I have been googling a lot and I couldn't find if this even exists or I'm asking for some magic =P
Ok, so here's the deal.
I need to have a way to create a "master-structured" database which will only contain the schemas, structures, tables, store procedures, udfs, etc, everything but real data in SQL SERVER 2005 (if this is available in 2008 let me know, I could try to convince my client to pay for it =P)
Then I want to have several "children" of that master db which implement those schemas, tables, etc but each one has different data.
So when I need to create a new stored procedure or something like that, I just create it on the master database (and of course it's available on its children).
Actually I have several different databases with the same schema and different data. But the problem is to maintain congruency between them. Everytime I create a script to create some SP or add some index or whatever, I have to execute it in every database, and sometimes I could miss one =P
So let's say you have a UNIVERSE (would be the master db) and the universe has SPACES (each one represented by a child db). So the application I'm working on needs to dynamically "clone" SPACES. To do that, we have to create a new database. Nowadays I'm creating a backup of the db being cloned, restoring it as a new one and truncate the tables.
I want to be able to create a new "child" of the "master" db, which will maintain the schemas and everything, but will start with empty data.
Hope it's clear... My english is not perfect, sorry about that =P
Thanks to all!
What you really need is to version-control your database schema.

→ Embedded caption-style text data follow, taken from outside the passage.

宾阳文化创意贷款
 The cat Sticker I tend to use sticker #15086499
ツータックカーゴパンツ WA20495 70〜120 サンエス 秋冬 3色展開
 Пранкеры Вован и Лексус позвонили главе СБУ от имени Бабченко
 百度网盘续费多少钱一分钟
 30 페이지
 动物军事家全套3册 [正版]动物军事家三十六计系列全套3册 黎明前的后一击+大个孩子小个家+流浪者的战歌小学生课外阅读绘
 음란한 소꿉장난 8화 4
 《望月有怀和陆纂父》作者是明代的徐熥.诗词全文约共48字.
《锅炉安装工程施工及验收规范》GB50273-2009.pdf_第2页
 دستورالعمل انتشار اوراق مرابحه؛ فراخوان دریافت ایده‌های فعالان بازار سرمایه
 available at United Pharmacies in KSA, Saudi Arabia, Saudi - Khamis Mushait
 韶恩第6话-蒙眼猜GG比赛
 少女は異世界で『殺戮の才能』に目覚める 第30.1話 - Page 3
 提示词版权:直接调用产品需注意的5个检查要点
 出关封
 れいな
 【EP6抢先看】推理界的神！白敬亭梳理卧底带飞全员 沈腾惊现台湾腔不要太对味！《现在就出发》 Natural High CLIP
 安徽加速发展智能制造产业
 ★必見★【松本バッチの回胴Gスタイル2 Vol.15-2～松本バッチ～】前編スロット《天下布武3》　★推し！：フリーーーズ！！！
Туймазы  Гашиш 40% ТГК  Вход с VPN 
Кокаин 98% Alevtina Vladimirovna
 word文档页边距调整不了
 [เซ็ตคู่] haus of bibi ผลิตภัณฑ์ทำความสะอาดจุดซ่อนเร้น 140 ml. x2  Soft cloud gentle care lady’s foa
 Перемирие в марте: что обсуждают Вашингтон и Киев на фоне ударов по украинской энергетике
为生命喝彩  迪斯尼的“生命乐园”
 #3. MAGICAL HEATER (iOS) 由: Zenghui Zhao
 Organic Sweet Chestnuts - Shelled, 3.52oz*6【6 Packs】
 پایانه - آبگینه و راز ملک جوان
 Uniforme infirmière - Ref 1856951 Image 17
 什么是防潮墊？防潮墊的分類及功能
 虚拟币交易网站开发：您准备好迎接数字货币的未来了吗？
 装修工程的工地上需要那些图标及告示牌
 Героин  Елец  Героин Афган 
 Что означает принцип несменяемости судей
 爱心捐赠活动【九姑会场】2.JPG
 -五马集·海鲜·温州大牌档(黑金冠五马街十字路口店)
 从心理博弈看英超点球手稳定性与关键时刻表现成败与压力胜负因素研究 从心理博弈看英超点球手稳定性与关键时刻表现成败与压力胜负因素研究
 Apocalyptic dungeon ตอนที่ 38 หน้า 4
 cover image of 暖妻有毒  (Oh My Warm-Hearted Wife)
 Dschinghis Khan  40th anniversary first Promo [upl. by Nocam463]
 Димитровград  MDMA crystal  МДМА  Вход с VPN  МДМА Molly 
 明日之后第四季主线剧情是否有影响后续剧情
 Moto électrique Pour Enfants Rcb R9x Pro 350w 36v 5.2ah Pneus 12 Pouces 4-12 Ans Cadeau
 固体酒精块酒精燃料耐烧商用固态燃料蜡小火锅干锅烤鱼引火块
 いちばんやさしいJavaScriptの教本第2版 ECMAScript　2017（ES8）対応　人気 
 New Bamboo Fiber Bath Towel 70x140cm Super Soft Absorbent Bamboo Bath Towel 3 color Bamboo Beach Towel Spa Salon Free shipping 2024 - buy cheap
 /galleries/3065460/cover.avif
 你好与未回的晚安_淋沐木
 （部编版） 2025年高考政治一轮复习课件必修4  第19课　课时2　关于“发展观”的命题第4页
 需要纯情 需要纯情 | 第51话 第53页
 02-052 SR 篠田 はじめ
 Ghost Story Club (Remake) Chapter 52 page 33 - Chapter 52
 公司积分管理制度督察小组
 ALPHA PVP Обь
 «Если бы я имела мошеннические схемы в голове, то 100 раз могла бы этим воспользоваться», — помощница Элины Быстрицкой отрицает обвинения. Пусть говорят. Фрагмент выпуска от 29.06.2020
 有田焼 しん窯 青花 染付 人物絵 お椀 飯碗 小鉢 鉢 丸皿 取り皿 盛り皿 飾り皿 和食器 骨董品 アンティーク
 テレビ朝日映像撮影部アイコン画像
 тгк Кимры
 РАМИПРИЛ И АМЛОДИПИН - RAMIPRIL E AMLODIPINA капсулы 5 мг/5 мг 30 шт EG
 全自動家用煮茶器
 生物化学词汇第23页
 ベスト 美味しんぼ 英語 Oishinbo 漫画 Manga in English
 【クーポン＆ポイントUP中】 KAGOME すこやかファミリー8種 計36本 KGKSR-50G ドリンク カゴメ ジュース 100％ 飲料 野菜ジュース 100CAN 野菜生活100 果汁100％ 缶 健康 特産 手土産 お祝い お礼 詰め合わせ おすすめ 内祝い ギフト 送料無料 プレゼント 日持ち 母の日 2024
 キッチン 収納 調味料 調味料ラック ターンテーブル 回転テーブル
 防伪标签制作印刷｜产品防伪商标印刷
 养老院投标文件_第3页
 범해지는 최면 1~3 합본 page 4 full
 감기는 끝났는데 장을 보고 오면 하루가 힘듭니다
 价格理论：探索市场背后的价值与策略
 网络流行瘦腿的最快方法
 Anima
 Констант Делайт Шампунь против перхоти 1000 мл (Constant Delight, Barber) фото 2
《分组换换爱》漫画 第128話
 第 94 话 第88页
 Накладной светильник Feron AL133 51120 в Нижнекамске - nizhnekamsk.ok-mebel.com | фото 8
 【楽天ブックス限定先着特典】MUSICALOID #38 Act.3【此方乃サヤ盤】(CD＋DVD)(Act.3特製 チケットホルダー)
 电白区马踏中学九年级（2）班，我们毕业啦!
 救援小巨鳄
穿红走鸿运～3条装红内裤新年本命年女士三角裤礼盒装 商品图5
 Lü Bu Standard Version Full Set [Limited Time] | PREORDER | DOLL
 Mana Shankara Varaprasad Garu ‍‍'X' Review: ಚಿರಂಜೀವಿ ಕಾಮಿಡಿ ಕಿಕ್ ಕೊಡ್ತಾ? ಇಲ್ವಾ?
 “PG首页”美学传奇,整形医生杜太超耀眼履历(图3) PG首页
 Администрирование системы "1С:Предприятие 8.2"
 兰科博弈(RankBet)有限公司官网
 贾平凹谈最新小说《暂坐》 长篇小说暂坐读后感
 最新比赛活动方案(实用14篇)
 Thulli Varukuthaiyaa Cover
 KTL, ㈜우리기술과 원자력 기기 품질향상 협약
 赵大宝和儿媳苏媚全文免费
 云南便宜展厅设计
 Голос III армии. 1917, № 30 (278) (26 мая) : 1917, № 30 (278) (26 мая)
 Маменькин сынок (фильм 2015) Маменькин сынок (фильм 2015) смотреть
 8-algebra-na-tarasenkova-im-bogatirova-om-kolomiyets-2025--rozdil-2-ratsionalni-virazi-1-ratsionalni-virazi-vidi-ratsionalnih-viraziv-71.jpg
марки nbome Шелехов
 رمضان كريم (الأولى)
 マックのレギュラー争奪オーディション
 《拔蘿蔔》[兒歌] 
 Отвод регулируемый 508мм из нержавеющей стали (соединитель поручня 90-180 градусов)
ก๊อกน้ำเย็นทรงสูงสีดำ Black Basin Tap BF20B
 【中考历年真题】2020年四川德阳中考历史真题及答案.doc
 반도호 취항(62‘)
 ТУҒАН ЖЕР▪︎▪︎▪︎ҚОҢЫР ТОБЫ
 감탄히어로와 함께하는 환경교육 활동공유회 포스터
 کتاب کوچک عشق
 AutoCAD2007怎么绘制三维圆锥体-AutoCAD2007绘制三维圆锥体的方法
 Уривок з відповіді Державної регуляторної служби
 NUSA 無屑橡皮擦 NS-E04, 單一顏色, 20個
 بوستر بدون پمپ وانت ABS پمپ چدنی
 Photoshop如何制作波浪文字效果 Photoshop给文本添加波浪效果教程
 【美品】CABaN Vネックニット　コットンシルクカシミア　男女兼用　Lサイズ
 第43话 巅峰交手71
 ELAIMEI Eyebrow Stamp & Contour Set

See do-you-source-control-your-databases
If you use SQL Server, I would recommend dbGhost - not expensive and does a great job of:
synchronizing 2 databases
diff-ing 2 databases
creating a database from a set of scripts (I would recommend this version).
batch support, so that you can upgrade all your databases using a single batch
You can use this infrastructure for both:
rolling development versions to test, integration and production systems
rolling your 'updated' system to multiple production deployments (especially in a hosted environment)
I would write my changes as a sql file and use OSQL or SQLCMD via a batchfile to ensure that I repeatedly executed on all the databases without thinking about it.
As an alternative I would use the VisualStudio Database Pro tools or RedGate SQL compare tools to compare and propogate the changes.
There are kludges, but the mainstream way to handle this is still to use Source Code Control (with all its other attendant benefits.) And SQL Server is increasingly SCC friendly.
Also, for many (most robust) sites it's a per-server issue as much as a per-database issue.
You can put things in master like SPs and call them from anywhere. As far as other objects like tables, you can put them in model and new databases will get them when you create a new database.
However, in order to get new tables to simply pop up in the child databases after being added to the parent, nothing.
It would be possible to create something to look through the databases and script them from a template database, and there are also commercial tools which can help discover differences between databases. You could also have a DDL trigger in the "master" database which went out and did this when you created a new table.
If you kept a nice SPACES template, you could script it out (without data) and create the new database - so there would be no need to TRUNCATE. You can script it out from SQL or an external tool.
Little trivia here. The mssqlsystemresource database works as you describe: is defined once and 'appears' in every database as the special sys schema. Unfortunately the special 'magic' needed to get this working is not available to the user databases. You'll have to use deployment techniques to keep your schema in synk. That is, apply the changes to every database as the other answers already suggested.
In theory, you could put a trigger on your UNIVERSE.sysobjects table (assuming SQL Server), and then you could enumerate master.dbo.sysdatabases to find all the child databases. If you have a special table that indicates it's a child database, you can reference child.dbo.sysobjects to find it.
Make no mistake, it would be difficult to implement. But it's one way you could do it.